In the listing below, find the line with "We move on to" and copy every line from there up to and including the line with "This is the", exactly and without pictures.

■ **MATERIAL PROVIDED**
________________________
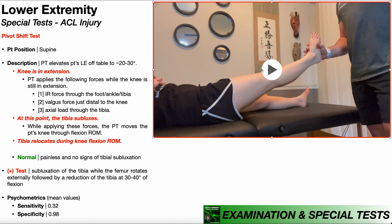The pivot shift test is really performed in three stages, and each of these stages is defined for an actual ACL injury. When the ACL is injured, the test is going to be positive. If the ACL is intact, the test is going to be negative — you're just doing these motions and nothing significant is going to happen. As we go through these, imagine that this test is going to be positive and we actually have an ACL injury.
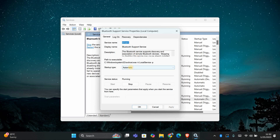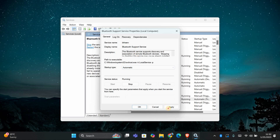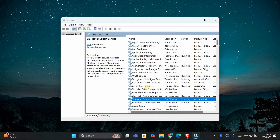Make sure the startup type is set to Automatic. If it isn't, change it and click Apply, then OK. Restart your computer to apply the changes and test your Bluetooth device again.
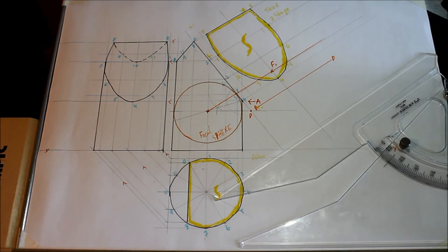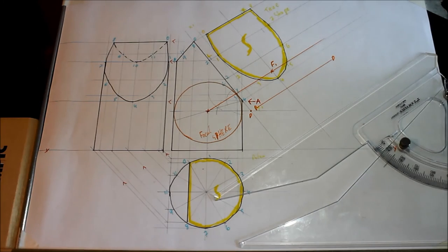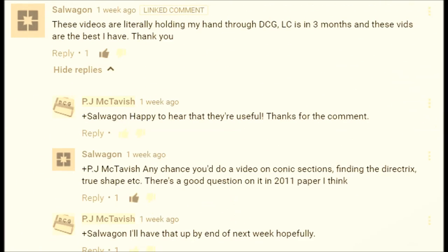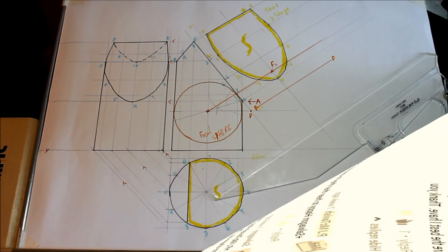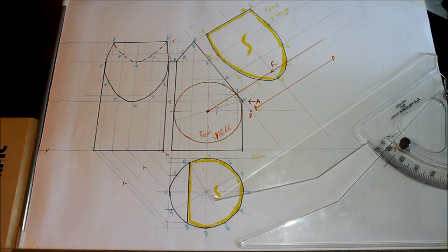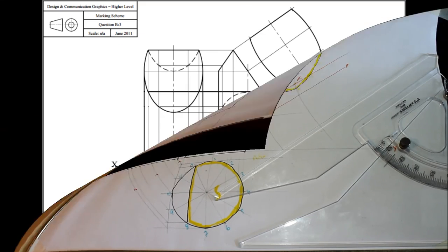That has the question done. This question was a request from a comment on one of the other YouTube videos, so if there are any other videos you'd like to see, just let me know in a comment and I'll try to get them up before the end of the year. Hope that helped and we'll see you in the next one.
________________________
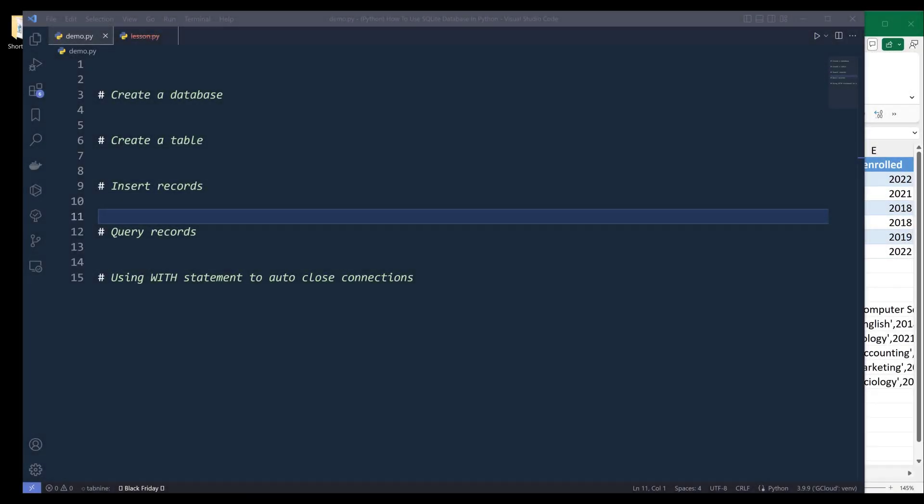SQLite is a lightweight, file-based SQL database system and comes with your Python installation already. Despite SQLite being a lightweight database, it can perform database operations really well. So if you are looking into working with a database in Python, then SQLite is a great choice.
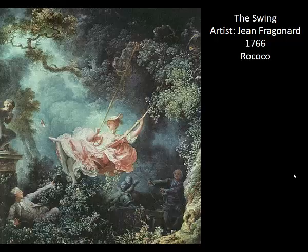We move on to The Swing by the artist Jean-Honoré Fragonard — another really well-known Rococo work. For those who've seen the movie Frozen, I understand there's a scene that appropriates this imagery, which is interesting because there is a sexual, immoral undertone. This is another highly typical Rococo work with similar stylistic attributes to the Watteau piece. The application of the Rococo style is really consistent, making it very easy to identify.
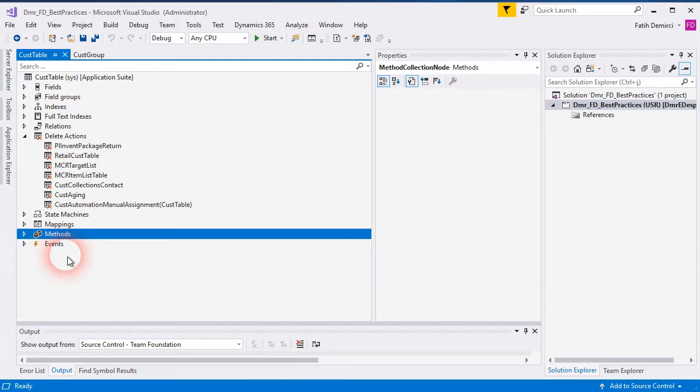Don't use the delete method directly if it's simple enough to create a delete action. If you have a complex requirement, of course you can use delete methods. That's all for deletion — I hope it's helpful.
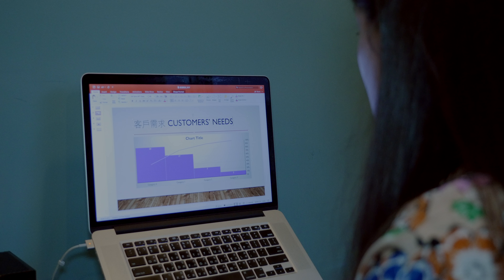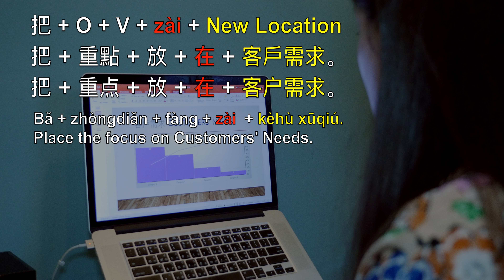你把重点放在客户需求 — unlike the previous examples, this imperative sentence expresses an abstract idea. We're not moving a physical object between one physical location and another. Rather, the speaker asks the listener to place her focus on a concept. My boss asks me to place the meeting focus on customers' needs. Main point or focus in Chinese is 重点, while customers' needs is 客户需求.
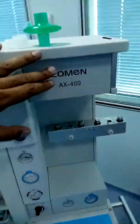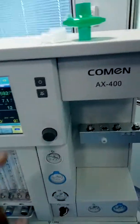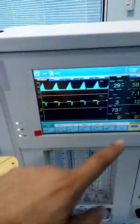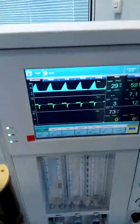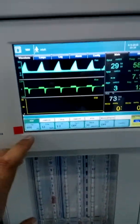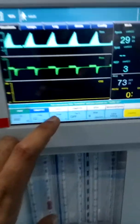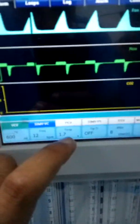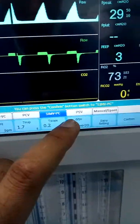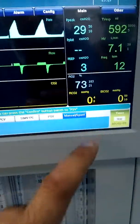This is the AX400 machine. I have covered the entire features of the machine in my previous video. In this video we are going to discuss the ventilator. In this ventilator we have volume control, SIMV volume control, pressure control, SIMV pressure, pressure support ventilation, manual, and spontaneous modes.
________________________
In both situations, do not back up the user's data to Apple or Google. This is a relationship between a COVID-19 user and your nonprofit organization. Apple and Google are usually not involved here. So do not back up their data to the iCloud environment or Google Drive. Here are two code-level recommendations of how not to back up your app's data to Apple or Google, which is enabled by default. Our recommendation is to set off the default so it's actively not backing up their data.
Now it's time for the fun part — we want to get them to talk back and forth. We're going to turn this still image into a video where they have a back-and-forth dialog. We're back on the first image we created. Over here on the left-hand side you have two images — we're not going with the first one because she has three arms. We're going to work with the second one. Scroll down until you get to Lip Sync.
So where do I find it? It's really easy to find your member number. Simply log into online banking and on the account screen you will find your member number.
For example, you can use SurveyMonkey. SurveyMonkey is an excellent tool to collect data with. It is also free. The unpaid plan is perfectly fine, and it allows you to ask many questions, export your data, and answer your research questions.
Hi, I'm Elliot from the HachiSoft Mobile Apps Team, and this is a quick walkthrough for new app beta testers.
________________________
■ **RESULT FOR THIS EXERCISE**
We move on to The Swing by the artist Jean-Honoré Fragonard — another really well-known Rococo work. For those who've seen the movie Frozen, I understand there's a scene that appropriates this imagery, which is interesting because there is a sexual, immoral undertone. This is another highly typical Rococo work with similar stylistic attributes to the Watteau piece. The application of the Rococo style is really consistent, making it very easy to identify.
Don't use the delete method directly if it's simple enough to create a delete action. If you have a complex requirement, of course you can use delete methods. That's all for deletion — I hope it's helpful.
你把重点放在客户需求 — unlike the previous examples, this imperative sentence expresses an abstract idea. We're not moving a physical object between one physical location and another. Rather, the speaker asks the listener to place her focus on a concept. My boss asks me to place the meeting focus on customers' needs. Main point or focus in Chinese is 重点, while customers' needs is 客户需求.
This is the AX400 machine. I have covered the entire features of the machine in my previous video. In this video we are going to discuss the ventilator. In this ventilator we have volume control, SIMV volume control, pressure control, SIMV pressure, pressure support ventilation, manual, and spontaneous modes.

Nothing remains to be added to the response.